> [Exercise] Looking at the data below, state how many lines contain "into". No other words are wanted.

> [Material for this exercise]
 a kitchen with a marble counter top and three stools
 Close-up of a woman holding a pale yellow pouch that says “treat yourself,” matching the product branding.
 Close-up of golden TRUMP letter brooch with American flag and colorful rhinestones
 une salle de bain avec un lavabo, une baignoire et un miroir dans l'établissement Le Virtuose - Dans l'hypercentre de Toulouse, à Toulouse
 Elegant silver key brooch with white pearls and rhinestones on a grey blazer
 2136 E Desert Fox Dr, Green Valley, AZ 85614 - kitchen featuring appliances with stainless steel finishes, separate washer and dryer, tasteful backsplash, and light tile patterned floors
---
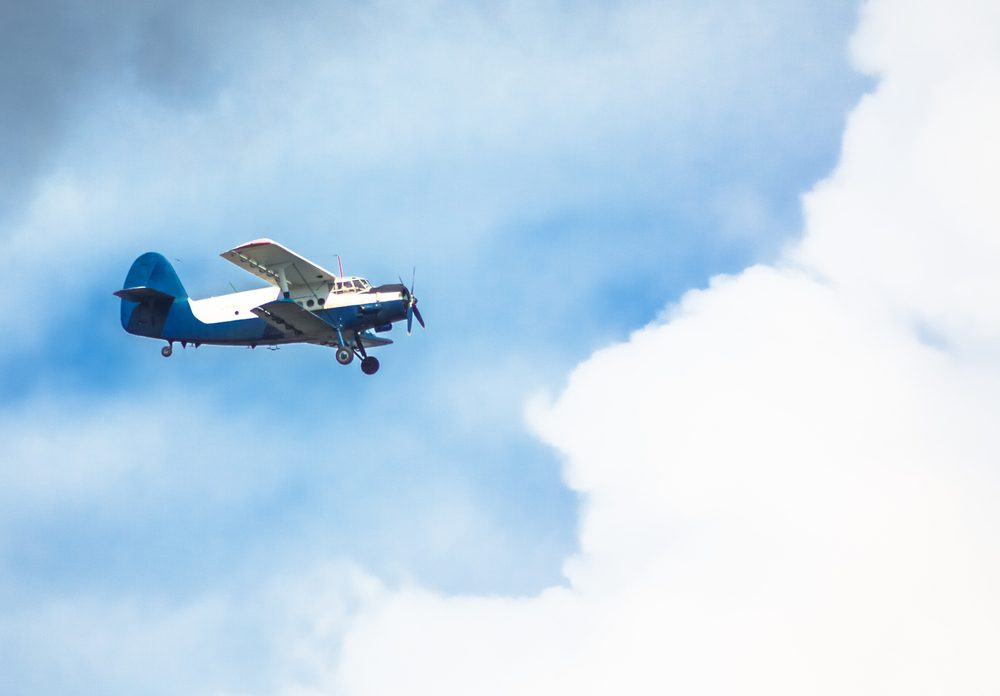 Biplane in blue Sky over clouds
...
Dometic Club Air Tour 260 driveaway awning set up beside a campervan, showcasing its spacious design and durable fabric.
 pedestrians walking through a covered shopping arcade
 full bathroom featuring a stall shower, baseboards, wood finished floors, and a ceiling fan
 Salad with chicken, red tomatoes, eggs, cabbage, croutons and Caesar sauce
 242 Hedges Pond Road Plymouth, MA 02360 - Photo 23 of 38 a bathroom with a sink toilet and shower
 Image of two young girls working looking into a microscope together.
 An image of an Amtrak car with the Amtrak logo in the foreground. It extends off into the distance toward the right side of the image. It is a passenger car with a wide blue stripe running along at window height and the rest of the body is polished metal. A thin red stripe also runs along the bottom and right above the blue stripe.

> [Answer to the exercise] 2